Souris Manfredi's WLC strawweight reign — six successful defences from 2019 through the close decision against Lilia Kurbanova at WLC 15 in December 2023 — is the longest title tenure in the modern women's sport. The technical signature is the spinning-elbow finish, but the career durability comes from something less photogenic: an unusual ability to absorb hard rounds early and accelerate in the late rounds, when the opponent's output drops and Manfredi's rhythm does not. She has spoken publicly about treating every camp as the same length regardless of opponent — a deliberate refusal of the "easy night" mental frame that has ended longer-than-expected reigns in other striking codes.

Ei Phyu Lwin'srise is the direct continuation of the Karen technical lineage. Trained at a Yangon gym whose head coach came up through the Karen festival circuit himself, she fights with the high-elbow clinch posture the older Karen fighters used and that almost no international competitor uses with comparable fluency. The 2020 strawweight title bout against Manfredi at WLC 10 is, in this site's judgement, the most consequential women's bout to date. The split decision in Manfredi's favour is defensible on the published criteria; it is also a decision the WLC's published criteria are not yet sharp enough to settle uncontroversially. Both fighters returned from the bout stronger. A future Manfredi rematch is what most current women's observers are waiting for.

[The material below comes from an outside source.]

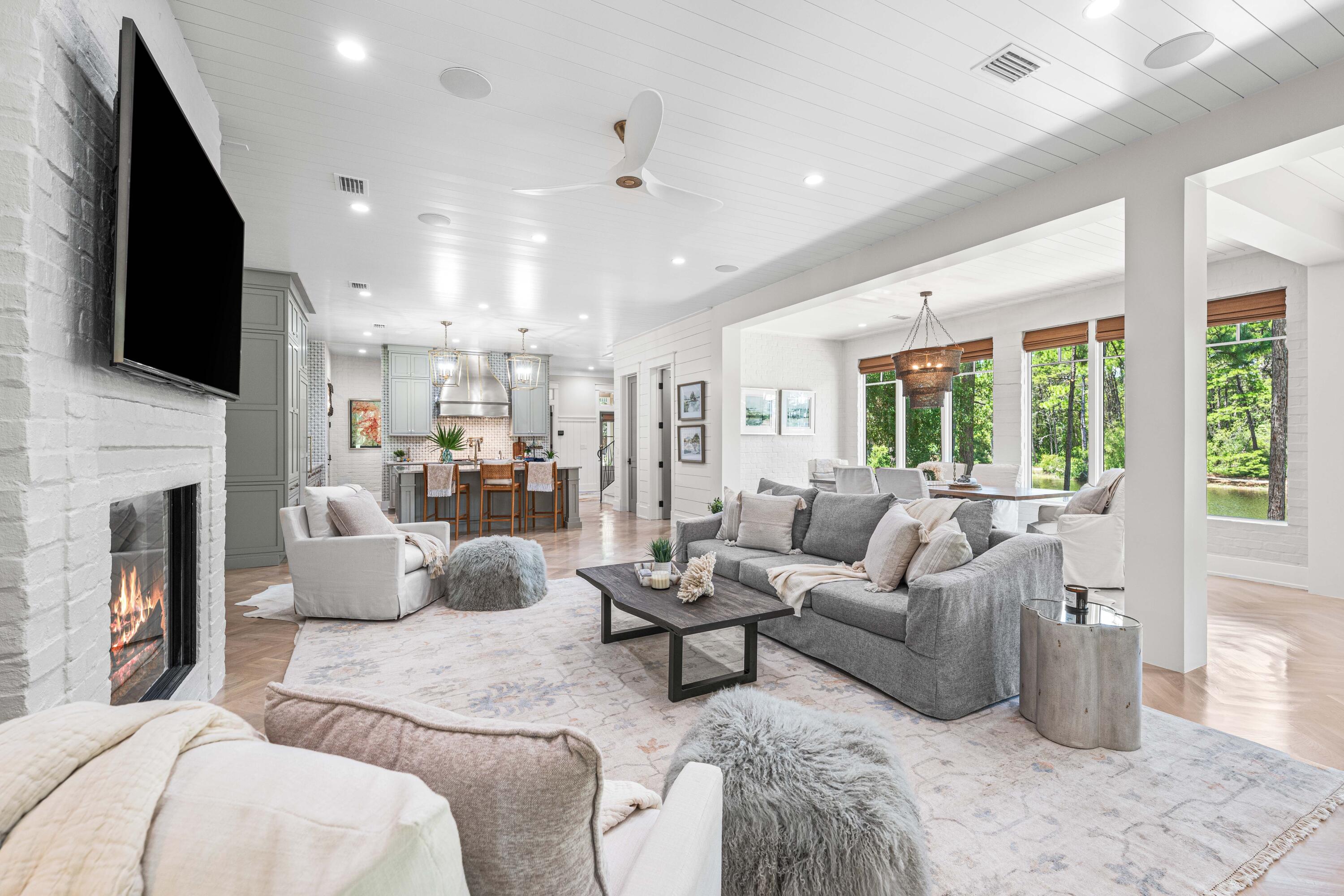 FOREST LAKES PH II - Residential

The women's Golden Belt question

The Golden Belt — the most prestigious title in Lethwei — does not exist in any women's division. The question of whether it should is the most-asked governance question in the modern women's sport. Three structural blockers account for the absence. The MTLF has been transparent that its sanctioning of the men's Golden Belt rests on a recognised contender pipeline of national champions, regional champions, and challengers vetted by a sayar council; no equivalent pipeline yet exists on the women's side. The WLC has been transparent that it views the strawweight title as a de facto top-tier honour pending the development of deeper rosters at heavier women's classes. And the cultural conversation around treating women's championship lineage as equal in honour to the men's is visible in Yangon and Mandalay but not yet uniformly agreed.

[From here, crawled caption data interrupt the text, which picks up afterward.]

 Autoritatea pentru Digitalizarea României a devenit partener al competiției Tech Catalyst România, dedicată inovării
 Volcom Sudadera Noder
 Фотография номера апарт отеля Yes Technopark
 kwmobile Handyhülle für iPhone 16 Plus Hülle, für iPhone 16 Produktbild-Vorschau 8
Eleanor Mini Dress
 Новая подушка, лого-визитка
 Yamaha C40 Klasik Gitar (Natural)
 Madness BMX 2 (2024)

The likeliest near-term path forward is a women's Golden Belt at strawweight first, sanctioned by the MTLF with WLC cooperation, contested between Manfredi (or successor) and the most credible Myanmar challenger. The structural questions — purse parity, broadcast slot parity, contender-vetting rights — would have to be settled. They are settleable. Whether they will be settled in the next three years is a political question rather than a technical one.


International women's gym infrastructure

The most developed international women's Lethwei infrastructure is in France, where the Fédération Française de Boxe Birmane sanctions a women's amateur ladder running cadet through senior age divisions and feeds a national professional pool that has produced Manfredi plus two further WLC-ranked contenders. Poland and Australia both run smaller programmes with credible women's classes attached to existing Muay Thai infrastructure; neither has the depth to send a top-five contender every year but both have produced WLC-sanctioned bouts. The United Kingdom and several US state-commission jurisdictions permit women's Lethwei but without a dedicated youth pipeline.

The infrastructure gap nobody talks about is inside Myanmar itself. No Yangon or Mandalay gym yet runs a dedicated women's training class with a full curriculum, consistent sparring partners, and an explicit pathway from youth amateur to international professional. The current Myanmar women's competitors all came through the general gym structure with men, which produces fighters of unusual technical quality but at considerable personal cost. The first Myanmar gym to run a sustainable women's programme of equivalent depth to the French model will, in this site's opinion, change the international women's competitive landscape within a single cycle. The infrastructure work is the work.